Opinion
No. 39327.
November 1, 1954.
1. Adoption — stepfather as against maternal grandmother.
Under facts of case, Court properly permitted stepfather rather than child's maternal grandmother to adopt twelve year old child. Sec. 1269, Code 1942.
2. Adoption — criterion — child's best interest.
In adoption cases, the criterion is the best interest of the child. Sec. 1269, Code 1942.
3. Contempt — citation for — properly refused.
Where Court decree directed child's stepfather, who was child's guardian, to permit child to visit maternal grandmother on Thanksgiving and Christmas, and child did not fully complete visits with grandmother because of his own erroneous attitude, and there was no showing that stepfather had attempted to influence child with respect to the visits, Court properly refused to cite stepfather for contempt.

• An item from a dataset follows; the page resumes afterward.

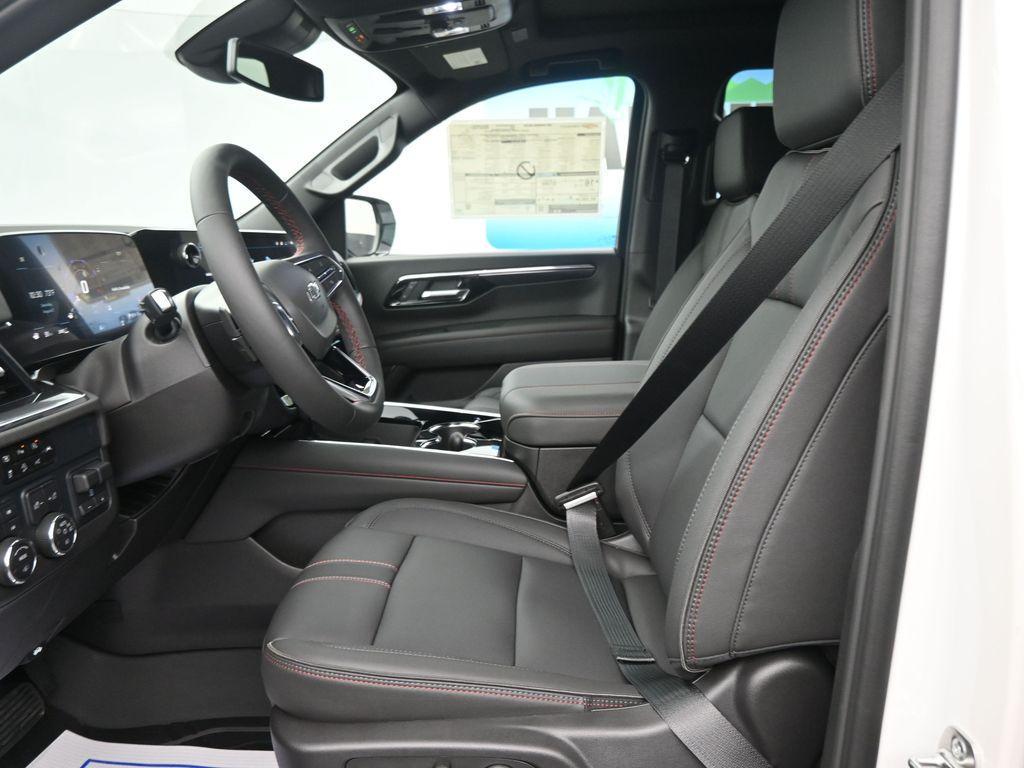 new 2025 Chevrolet Suburban car, priced at $86,180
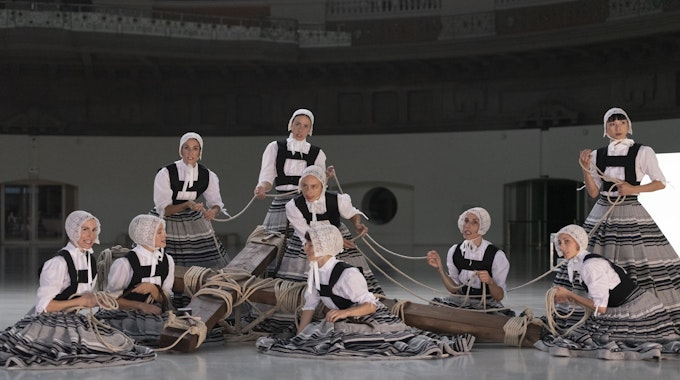 Die Tänzerinnen von „La Veronal“ binden Seile um ein Kreuz.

Headnotes as approved by Ethridge, J.
APPEAL from the chancery court of Yalobusha County; HERBERT HOLMES, Chancellor.
Chatham Walker, Hernando, for appellant.
I. The Court erred in overruling the petition to cite for contempt. Ramsey v. Ramsey, 125 Miss. 715, 88 So. 290.
II. The decree below was not in the best interests of the child. Mayfield v. Braund, 217 Miss. 514, 64 So.2d 713.

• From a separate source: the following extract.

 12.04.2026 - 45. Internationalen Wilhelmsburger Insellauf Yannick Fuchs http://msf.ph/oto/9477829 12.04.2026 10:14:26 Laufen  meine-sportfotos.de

Stone Stone, Coffeeville, for appellee.
I. Cited and discussed the following authorities: Hibbette v. Baines, 78 Miss. 695, 29 So. 80; Mayfield v. Braund, 217 Miss. 514, 64 So.2d 713; Nickle v. Burnett, 122 Miss. 56, 84 So. 138.
This case is concerned with the adoption of a twelve year old boy, Norman Thomas Frederick. Code of 1942, Sec. 1269. The final decree of the Chancery Court of Yalobusha County adjudicated the adoption of Tommy by his step-father, appellee James M. Sutton, with full rights of inheritance, and changed the boy's name to Thomas Sutton, the same being especially desired by the child. This appeal is by the maternal grandmother of the child, his closest blood relative, who also asked for his adoption. Tommy's mother married appellee Sutton in 1948. She was killed in a bus collision in 1950. At the time of the trial in April 1953 Tommy had been living with appellee, his stepfather, since the marriage of his mother and appellee in 1948, for about five years. Tommy's father abandoned him while he was a baby and his whereabouts is unknown, but process by publication was obtained upon him.
(Hn 1) There was extensive testimony before the learned chancellor. His able opinion and final decree are amply supported by the evidence. We have carefully considered the evidence, and think that under all of the circumstances and facts reflected in the record, including the personal preferences of the boy, the final decree was correct. Appellant, Tommy's maternal grandmother, manifestly is devoted to him and is able to take care of him. But in adoption cases the test is whether the interest and welfare of the child sought to be adopted would be best promoted by the adoption. (Hn 2) In other words, the criterion is the best interest of the child. Code of 1942, Sec. 1269; Eggleston v. Landrum, 210 Miss. 645, 50 So.2d 364, 23 A.L.R. 2d 696 (1950); Cf. Amis, Divorce and Separation in Mississippi (1935), Secs. 211-230.
(Hn 3) Appellant also complains about the dismissal of her petition to cite appellee for contempt of court, which was submitted along with the issues on adoption. This petition dealt with alleged violations by appellee, who has been Tommy's guardian, of a court decree directing him to let the child visit appellant on Thanksgiving and Christmas of 1952. The court heard all of the evidence on this issue and dismissed the petition. Apparently the trial court concluded that it was not shown that appellee intended to, and did, deliberately and contumaciously defy the power and dignity of the court by refusing to comply with the decree. Evans v. Evans, 193 Miss. 468, 9 So.2d 641 (1942). The testimony indicates that the boy did not fully complete his visits with appellant because of his own erroneous attitude. It fails to show that appellee attempted to influence him in this respect. The decree on this point also is amply supported by the record.
Affirmed.
Roberds, P.J., and Lee, Arrington and Gillespie, JJ., concur.